(Work instructions)
Restate word for word the lines below, from the one containing "The difference is" through the final line, with no pictures included.

(Saved data entries)
◇ ◇ ◇ ◇ ◇
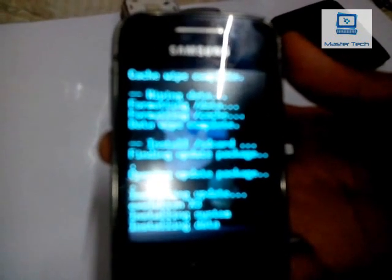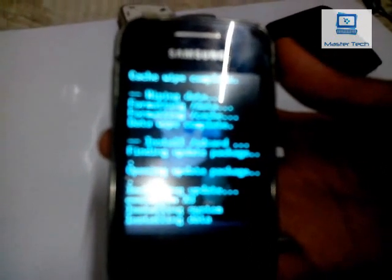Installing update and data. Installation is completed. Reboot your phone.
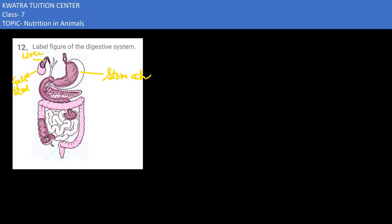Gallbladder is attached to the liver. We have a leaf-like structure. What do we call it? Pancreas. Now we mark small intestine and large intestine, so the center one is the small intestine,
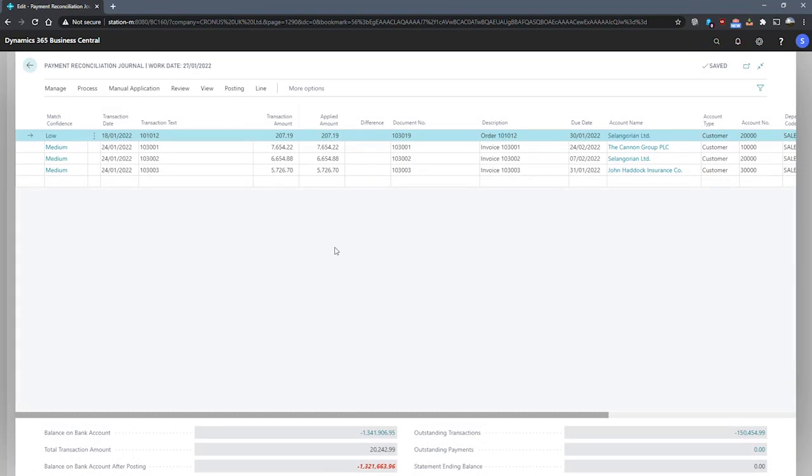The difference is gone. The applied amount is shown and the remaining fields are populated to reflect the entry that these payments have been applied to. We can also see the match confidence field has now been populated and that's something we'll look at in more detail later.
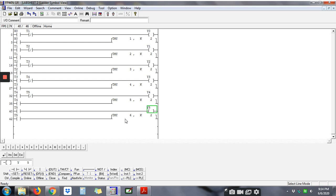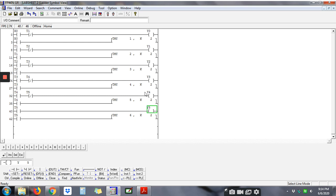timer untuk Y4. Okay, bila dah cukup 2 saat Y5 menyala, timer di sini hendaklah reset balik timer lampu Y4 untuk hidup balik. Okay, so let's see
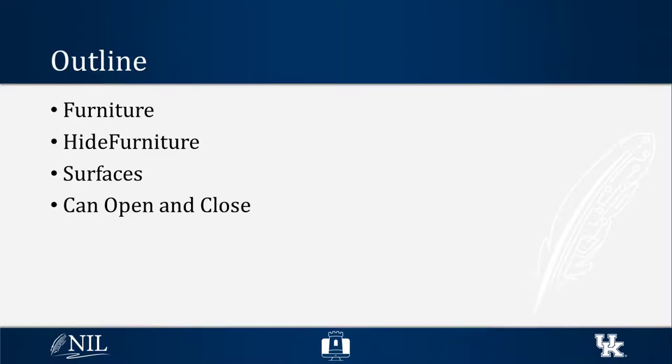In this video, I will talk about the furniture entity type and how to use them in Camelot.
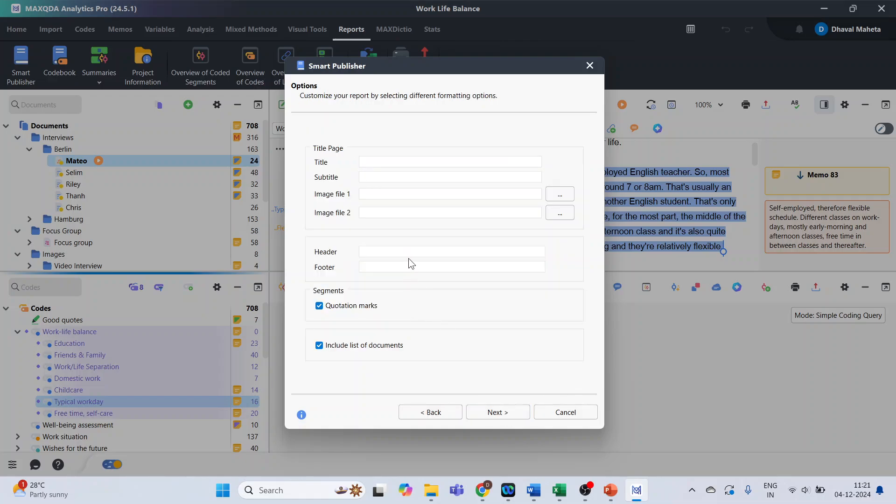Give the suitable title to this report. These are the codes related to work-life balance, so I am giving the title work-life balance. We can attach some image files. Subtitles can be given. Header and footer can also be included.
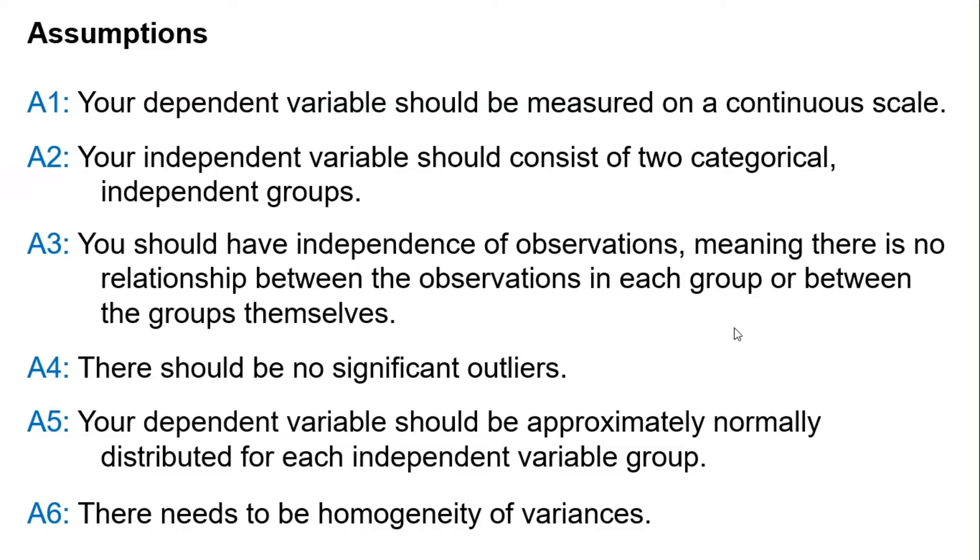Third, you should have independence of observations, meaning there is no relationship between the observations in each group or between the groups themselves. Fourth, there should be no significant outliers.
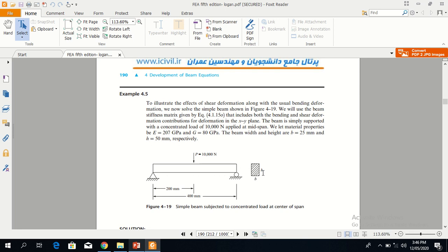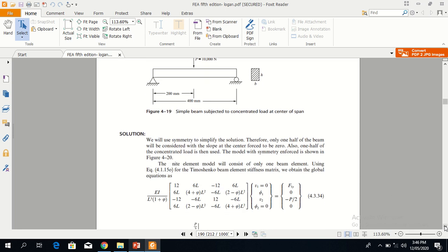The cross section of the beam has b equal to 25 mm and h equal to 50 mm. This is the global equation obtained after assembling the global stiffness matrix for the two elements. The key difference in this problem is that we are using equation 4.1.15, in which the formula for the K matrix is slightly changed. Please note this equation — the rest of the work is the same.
◇ ◇ ◇ ◇ ◇
(Response box)
The difference is gone. The applied amount is shown and the remaining fields are populated to reflect the entry that these payments have been applied to. We can also see the match confidence field has now been populated and that's something we'll look at in more detail later.
timer untuk Y4. Okay, bila dah cukup 2 saat Y5 menyala, timer di sini hendaklah reset balik timer lampu Y4 untuk hidup balik. Okay, so let's see
In this video, I will talk about the furniture entity type and how to use them in Camelot.
Give the suitable title to this report. These are the codes related to work-life balance, so I am giving the title work-life balance. We can attach some image files. Subtitles can be given. Header and footer can also be included.
Third, you should have independence of observations, meaning there is no relationship between the observations in each group or between the groups themselves. Fourth, there should be no significant outliers.
The cross section of the beam has b equal to 25 mm and h equal to 50 mm. This is the global equation obtained after assembling the global stiffness matrix for the two elements. The key difference in this problem is that we are using equation 4.1.15, in which the formula for the K matrix is slightly changed. Please note this equation — the rest of the work is the same.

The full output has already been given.